Chickenpox

Chickenpox, also known as varicella, is one of the most widespread of the childhood infectious diseases. It causes a trademark red rash and usually leads to severe itching but little else. However, it can evolve into more serious complications, like bacterial pneumonia.

Even after the disease is finished, the virus remains active in the body for many years. One infection with chickenpox grants immunity for life, it is almost impossible to develop the disease again. However, the dormant virus can become reactivated causing shingles, a type of infection rash that can be extremely painful.

Healthy children do not usually face serious risks if infected with chickenpox. The biggest problem is to contain the spread of the disease, which means that the child must stay at home. He will miss school for a while and one of the parents might have to look after him. Chickenpox can be dangerous for kids with a weak immune system, unable to contain the infection. The risk is also much higher for adults who develop the disease, as well as teenagers, infants or pregnant women.

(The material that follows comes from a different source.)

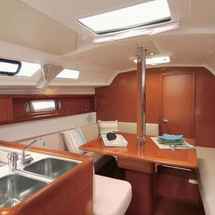 Beneteau Oceanis 34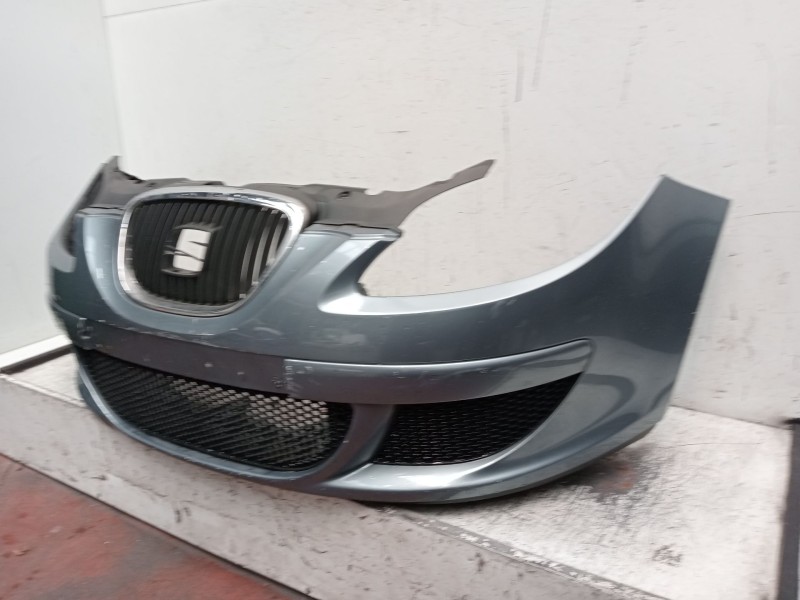 Recambio de paragolpes delantero para seat altea (5p1) 1.9 tdi referencia OEM IAM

Today, chickenpox can be easily prevented using a special vaccine. Two shots of the vaccine are needed to grant immunity to both children and adults. The vaccine is usually extremely effective and shields people from the disease with no important side effects. In most cases, vaccinated people are immune to chickenpox. If infection does occur, it will be a lot milder than normal, with low or no fever and a decreased number of blisters on the skin. The vaccine protects against serious outbreaks of the disease, even if some minor infections can still happen.

If you are around a person with chickenpox, there are a number of situations when you should ask for medical advice and be extremely careful. Every person who is not vaccinated or did not have the disease during youth is at risk. The condition is especially dangerous for pregnant women and people with a weak immune system. This can be caused by several diseases like cancer or HIV/AIDS, organ transplant procedures, as well as aggressive treatment such as constant usage of steroids, chemotherapy, radiation therapy or immunosuppressive drugs.

What are the symptoms of chickenpox?

Chickenpox causes a distinctive rash that can be extremely itchy. It usually emerges on the torso and extends in all directions, eventually reaching the limbs, neck or the face. Initially the rash consists of red bumps, which later turn into vesicles full of fluid that eventually drains. These can be painful, especially if they appear on sensitive areas like around the eyes, genitals or the scalp. The rash lasts between 7 and 10 days.

The disease proceeds for about two weeks in total, with the rash cycle appearing in several areas of the body. In the end, all of the sores and vesicles are healed. While the spots are wet, the disease continues to be contagious. The reason why chickenpox can spread quickly is that the virus is also contagious for one or more days before the first symptoms.

After taking the virus from an infected person, about 14 to 16 days are needed until the first symptoms appear. It doesn't start with the rash but with other signs, typically fever, sore throat, head pain, low appetite or a cough. The rash only emerges one or two days after these initial symptoms and can be very itchy.

Every red spot caused by chickenpox starts as a blister, then it bursts and dries up and finally gets covered by a crust. This complete life cycle normally takes one or two days. For a period of about a week, new blisters appear daily. After around 10 days from the initial symptoms, all blisters are dry and covered with crusts. While the disease is not fully healed yet, it is no longer contagious and the patient can resume school or work.

What causes chickenpox and how is it spread?

A virus named varicella-zoster is behind the chickenpox infection. It is highly contagious and touching the liquid from the blisters is not the only way of transmission. Any drop from the cough or sneeze from an infected person can pass the virus, as well as contact with his bed linings or clothes. Being around a person with chickenpox or sharing food or drinks is very risky.

Most of the time, the disease is spread by people who don't know they are infected, in the days before the first symptoms appear. It is contagious for a few days before the rash and lasts until every blister is healed and crusted.

People who did not have the disease in their youth and are not vaccinated have a high risk of infection. You should avoid contact with an infected person at all costs in such a situation.

Treatment options

Chickenpox can easily be treated at home with a few simple remedies that decrease the effect of symptoms and prevent complications. Oatmeal baths are a traditional cure, as well as the use of lotion with calamine. Another easy solution is to trim the nails short at all times, in order to reduce scratching and the risk of infection.

Acetaminophen is one of the drugs that can be used to reduce the fever if needed. Aspirin or any drug with a content of aspirin should be avoided at all costs. Studies have revealed that the use of aspirin can lead to Reye's syndrome in children who suffer from chickenpox. This is a very dangerous and potentially lethal condition of the liver and brain.